PROVIDED RECORDS START
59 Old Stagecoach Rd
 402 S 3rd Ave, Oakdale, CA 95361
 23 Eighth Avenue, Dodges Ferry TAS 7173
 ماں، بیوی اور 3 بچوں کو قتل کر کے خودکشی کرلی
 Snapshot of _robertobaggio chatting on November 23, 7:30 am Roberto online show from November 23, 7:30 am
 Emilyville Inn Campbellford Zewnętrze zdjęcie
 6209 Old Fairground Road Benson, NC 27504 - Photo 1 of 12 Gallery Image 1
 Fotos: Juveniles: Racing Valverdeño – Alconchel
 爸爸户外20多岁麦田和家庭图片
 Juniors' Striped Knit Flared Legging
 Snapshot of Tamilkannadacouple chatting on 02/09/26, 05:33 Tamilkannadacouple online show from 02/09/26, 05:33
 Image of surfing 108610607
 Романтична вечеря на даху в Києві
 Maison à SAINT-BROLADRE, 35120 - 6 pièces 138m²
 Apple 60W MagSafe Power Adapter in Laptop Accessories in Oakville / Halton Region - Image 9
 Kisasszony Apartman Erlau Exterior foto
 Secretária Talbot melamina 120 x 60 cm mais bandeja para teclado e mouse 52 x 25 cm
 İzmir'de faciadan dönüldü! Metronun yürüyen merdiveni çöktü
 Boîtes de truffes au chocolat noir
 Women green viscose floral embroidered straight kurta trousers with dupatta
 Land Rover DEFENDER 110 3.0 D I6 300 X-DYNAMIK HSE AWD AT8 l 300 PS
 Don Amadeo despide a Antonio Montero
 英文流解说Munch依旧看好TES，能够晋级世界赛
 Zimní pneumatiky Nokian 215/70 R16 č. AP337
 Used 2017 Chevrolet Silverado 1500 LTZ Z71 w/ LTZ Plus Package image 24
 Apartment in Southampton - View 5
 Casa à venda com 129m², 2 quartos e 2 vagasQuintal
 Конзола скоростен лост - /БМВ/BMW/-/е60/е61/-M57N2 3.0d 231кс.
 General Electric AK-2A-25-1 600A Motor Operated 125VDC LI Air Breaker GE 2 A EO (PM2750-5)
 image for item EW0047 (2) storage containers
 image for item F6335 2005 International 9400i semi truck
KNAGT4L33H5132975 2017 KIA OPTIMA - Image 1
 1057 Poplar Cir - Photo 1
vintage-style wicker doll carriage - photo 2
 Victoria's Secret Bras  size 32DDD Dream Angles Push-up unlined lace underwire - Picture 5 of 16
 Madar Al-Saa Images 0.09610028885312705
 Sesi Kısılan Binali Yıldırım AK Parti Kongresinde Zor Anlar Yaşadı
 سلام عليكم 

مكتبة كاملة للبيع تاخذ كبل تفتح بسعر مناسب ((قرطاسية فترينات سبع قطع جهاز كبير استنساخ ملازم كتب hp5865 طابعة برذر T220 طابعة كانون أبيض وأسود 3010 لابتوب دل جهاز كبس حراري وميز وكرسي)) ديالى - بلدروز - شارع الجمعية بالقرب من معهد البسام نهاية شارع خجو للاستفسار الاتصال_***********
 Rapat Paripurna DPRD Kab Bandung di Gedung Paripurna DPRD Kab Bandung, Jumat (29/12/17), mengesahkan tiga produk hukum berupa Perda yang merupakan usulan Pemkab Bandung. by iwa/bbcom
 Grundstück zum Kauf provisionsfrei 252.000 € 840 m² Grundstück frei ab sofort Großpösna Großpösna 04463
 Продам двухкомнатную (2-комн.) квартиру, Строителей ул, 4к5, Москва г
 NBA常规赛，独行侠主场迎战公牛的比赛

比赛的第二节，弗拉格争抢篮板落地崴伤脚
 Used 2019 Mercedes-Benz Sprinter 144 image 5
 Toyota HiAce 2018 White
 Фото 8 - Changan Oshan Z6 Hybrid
PROVIDED RECORDS END
▶ **TASK DETAILS**: Produce a word-for-word copy of everything above from the line holding "Image of surfing 108610607" down to the line holding "Kisasszony Apartman Erlau Exterior foto", with both of those lines kept.

▶ **EXERCISE OUTPUT**:
 Image of surfing 108610607
 Романтична вечеря на даху в Києві
 Maison à SAINT-BROLADRE, 35120 - 6 pièces 138m²
 Apple 60W MagSafe Power Adapter in Laptop Accessories in Oakville / Halton Region - Image 9
 Kisasszony Apartman Erlau Exterior foto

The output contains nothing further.